Goldman Sachs Group Inc. estimated up to 500 billion yuan has entered stocks through wealth-management products. Use Trust data show 43.1 billion yuan of securities investment trusts were set up last quarter, 92 percent up from a year ago.
In umbrella trusts, private investors take up the junior tranche, while cash from trusts and banks’ wealth-management products form the senior tranches. The latter receive fixed returns while the former take the rest, so private investors are effectively borrowing from trusts and banks. The higher leverage allowed by the products exposes individuals to larger losses in the event of stock-market drops, which can be exaggerated as investors scramble to repay debt during a selloff.

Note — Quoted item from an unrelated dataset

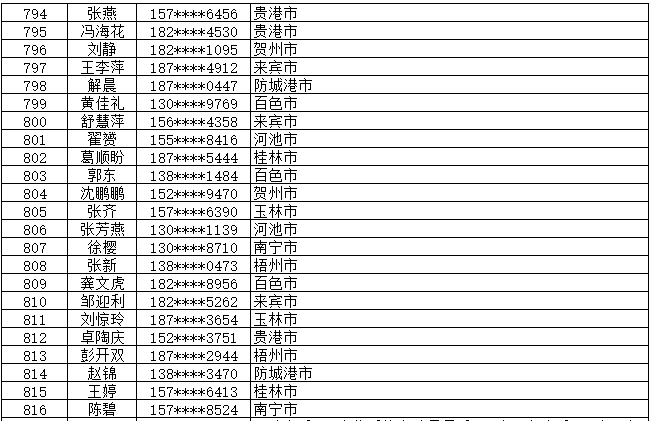 7月13日党的十九大精神学习竞赛个人参与奖奖励名单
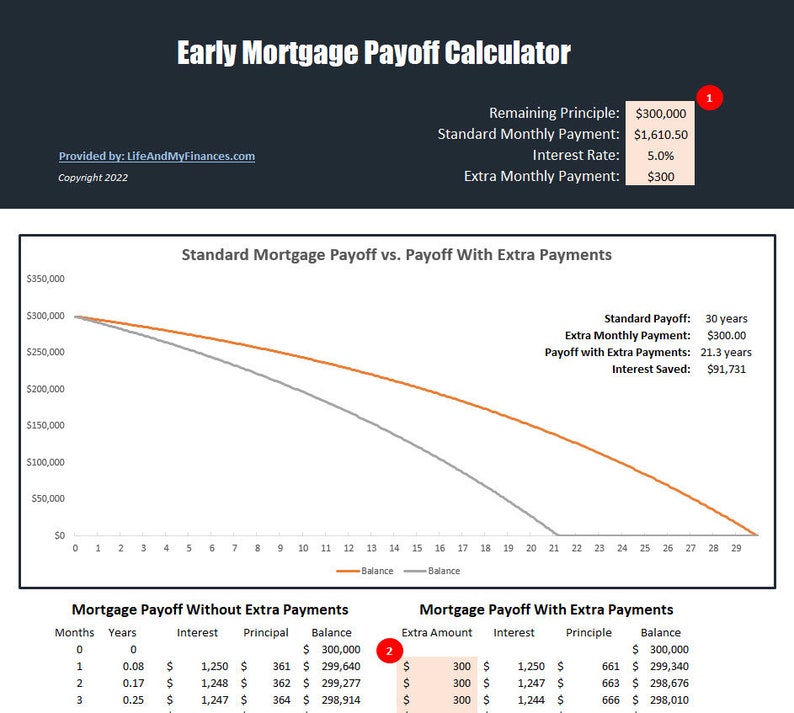 Early Mortgage Payoff Calculator Early Mortgage Payoff Excel Download Pay Off Your Mortgage Early Tool Pay Off Your Home in 5 Years image 3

A gauge of property stocks in the Shanghai index slid 2.3 percent for the steepest loss among the five industry groups. Poly Real Estate Group extended losses to a third day, while Gemdale Corp. declined 1.2 percent.
China’s banking regulator in Shanghai asked local lenders to conduct the widest-ever tests on their exposure to the struggling real-estate industry. Authorities’ and investors’ concerns are mounting after data last week showed that Chinese lenders’ bad-loan ratio increased the most in at least a decade. Kaisa Group Holdings Ltd. missed a $23 million interest payment earlier this month, putting it at risk of defaulting on its dollar-denominated bonds.
“I’m holding the view that there won’t be any imminent improvement in the property market,” said Jinsong Du, a Credit Suisse Group AG Hong Kong-based analyst.
China Shenhua Energy Co. lost 1.6 percent and China Coal Energy Co. retreated 2.1 percent. The northern province of Shanxi won’t approve any new coal mines before 2020, except to replace existing capacity, the Shanghai Securities News reported, citing the provincial government.
China may introduce a reform plan for state-owned enterprises by the middle of February, the China Securities Journal said. General guidelines and up to nine documents on deepening reforms of SOEs are expected to be released first, the report said, citing Peng Jianguo, vice director at State-Owned Assets Supervision and Administration Commission’s research center.
Citic Securities Co., the biggest listed brokerage, rose 2.9 percent. Annual net income jumped 115 percent to 11.3 billion yuan, according to a preliminary earnings statement to the Shanghai stock exchange, beating the average estimate of 9.1 billion yuan from 16 analysts.